Wednesday, November 02, 2005

The house on Hannah, pt. 1

To understand this entry, you have to refer to the dress in the previous entry, because I'm going to tell you about the house and the rooms you see in the photos. My father often didn't consult my mother when he bought a house. Remember, ladies, in those days, a wife didn't need to sign the mortgage, in fact, for my first three homes, the bank wouldn't consider my income in factoring payments. So it is possible, Dad wasn't unusual this way.

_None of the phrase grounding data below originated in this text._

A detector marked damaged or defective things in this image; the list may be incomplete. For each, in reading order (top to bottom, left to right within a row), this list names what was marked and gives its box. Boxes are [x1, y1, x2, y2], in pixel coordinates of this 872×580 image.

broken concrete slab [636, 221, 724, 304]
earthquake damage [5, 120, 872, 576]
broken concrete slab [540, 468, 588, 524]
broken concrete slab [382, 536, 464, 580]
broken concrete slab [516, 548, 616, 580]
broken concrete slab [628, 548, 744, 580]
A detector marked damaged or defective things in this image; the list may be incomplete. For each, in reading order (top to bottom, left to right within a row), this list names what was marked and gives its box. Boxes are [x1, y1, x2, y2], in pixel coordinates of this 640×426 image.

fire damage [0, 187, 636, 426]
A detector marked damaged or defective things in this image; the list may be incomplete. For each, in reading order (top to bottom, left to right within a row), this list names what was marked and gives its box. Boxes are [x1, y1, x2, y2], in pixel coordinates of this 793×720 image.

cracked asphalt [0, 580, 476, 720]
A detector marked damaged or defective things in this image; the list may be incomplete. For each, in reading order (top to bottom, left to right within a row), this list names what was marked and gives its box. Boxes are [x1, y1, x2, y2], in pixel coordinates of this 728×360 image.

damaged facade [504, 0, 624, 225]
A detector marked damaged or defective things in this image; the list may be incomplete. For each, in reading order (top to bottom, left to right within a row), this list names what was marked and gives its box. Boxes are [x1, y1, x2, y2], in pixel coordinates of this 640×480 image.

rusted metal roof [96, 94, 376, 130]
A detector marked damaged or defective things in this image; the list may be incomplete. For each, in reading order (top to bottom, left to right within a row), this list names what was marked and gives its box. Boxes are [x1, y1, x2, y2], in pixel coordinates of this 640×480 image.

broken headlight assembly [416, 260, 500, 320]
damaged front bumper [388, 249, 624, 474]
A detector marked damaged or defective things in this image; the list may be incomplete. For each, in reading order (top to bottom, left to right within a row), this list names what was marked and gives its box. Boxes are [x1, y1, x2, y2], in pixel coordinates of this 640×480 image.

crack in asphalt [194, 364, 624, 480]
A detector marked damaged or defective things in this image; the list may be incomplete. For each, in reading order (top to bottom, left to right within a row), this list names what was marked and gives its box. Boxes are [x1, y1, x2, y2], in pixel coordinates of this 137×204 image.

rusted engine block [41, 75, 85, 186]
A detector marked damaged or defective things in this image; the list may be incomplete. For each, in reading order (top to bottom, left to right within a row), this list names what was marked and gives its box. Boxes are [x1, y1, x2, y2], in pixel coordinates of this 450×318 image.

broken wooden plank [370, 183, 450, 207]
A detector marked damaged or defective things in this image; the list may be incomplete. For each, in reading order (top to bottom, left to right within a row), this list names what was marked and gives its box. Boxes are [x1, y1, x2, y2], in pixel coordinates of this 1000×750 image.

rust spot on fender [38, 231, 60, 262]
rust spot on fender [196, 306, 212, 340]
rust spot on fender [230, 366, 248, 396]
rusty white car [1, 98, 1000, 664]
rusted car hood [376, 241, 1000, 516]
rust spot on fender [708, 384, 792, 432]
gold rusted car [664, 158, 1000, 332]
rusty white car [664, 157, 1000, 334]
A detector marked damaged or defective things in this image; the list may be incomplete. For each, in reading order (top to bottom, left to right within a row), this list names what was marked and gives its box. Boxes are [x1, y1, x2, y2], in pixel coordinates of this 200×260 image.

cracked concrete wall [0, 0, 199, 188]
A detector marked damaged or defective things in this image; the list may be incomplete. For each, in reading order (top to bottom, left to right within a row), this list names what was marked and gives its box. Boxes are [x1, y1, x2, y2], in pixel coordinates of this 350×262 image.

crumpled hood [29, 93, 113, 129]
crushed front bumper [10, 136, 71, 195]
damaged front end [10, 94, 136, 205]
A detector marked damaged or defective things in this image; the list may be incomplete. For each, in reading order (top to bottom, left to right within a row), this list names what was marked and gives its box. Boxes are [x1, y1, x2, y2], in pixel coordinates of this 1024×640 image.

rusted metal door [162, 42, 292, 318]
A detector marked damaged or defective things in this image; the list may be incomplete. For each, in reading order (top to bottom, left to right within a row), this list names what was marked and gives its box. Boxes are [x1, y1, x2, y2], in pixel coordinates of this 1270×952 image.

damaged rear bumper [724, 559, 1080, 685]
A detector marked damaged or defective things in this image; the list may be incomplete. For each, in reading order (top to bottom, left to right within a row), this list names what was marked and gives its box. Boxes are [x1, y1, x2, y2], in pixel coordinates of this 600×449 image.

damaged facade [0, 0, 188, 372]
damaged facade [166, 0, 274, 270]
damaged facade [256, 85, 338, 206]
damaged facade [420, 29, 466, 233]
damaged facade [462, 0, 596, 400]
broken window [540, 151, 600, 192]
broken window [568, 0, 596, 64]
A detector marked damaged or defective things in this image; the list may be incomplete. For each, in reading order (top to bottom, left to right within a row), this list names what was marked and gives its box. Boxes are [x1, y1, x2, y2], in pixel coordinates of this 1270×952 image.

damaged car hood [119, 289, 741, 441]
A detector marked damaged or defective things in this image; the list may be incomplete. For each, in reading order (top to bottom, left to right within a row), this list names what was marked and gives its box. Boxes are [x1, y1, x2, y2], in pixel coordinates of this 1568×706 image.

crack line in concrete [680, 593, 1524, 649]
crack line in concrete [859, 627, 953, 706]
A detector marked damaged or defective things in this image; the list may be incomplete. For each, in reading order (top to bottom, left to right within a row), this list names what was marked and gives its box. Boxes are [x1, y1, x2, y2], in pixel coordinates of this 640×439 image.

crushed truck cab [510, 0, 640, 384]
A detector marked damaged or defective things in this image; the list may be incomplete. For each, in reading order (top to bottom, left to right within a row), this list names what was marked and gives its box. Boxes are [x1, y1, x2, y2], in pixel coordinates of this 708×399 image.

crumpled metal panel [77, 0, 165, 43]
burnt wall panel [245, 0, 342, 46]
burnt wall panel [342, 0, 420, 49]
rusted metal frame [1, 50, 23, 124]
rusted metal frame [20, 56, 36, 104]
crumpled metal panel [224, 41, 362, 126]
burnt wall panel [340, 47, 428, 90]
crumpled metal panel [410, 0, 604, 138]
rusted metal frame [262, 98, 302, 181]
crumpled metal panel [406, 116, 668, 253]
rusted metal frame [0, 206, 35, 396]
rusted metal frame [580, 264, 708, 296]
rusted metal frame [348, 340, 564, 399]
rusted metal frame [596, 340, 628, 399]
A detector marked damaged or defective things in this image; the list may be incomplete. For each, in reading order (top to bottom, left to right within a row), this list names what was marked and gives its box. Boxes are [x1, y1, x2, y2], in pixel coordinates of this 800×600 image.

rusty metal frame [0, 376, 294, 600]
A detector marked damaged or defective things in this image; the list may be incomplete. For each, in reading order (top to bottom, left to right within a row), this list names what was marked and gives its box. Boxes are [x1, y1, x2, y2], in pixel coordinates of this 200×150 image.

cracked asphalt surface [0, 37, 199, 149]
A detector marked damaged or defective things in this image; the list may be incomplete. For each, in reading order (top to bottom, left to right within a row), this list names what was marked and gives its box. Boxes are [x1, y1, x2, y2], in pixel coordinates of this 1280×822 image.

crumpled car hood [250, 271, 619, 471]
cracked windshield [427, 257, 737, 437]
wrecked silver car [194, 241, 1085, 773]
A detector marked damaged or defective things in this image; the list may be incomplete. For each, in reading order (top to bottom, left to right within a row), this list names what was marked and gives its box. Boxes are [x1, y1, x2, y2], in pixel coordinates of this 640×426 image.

The first house he bought in the winter of 1951 was in the Carr Addition on the east side of town. It was a story and a half, way too small for 6 people, and I'm sure my patient mother had ways to let him know this. So then he bought a slightly larger two story on Lincoln Street, which he then traded for a house on Hannah, a big gracious three story with a huge front porch, on the west side of town. It had a huge barn that had been converted to a garage that would hold our car and his truck, and the barn had a second floor full of interesting objects for us children to explore. Do you see the corner of the ironing board in the first photo below? That was in the attic of the barn. The yard was so big my mother could have a large garden and I staked my horse out back in 1952, and in 1955 my sister's trailer home was parked in the back yard. So, this house had plenty of room!

The photos showing me making the dress were taken inside my sister Carol's bedroom. Mother had converted it to a sewing room after Carol left home. See that little "Go ye" drawing on the wall? After high school Carol went into Brethren Volunteer Service, so she took Christ's command seriously. The desk behind me in the first photo was actually from my grandmother's kitchen--an old work table with a zinc top and flour bins. Mother removed the bins, covered the top, stripped off the dark finish to a light oak, and added new handles and so we had a nice desk. That's what people did with antiques in those days--made them useful even if it destroyed their value. Besides, then it was just old, not yet an antique.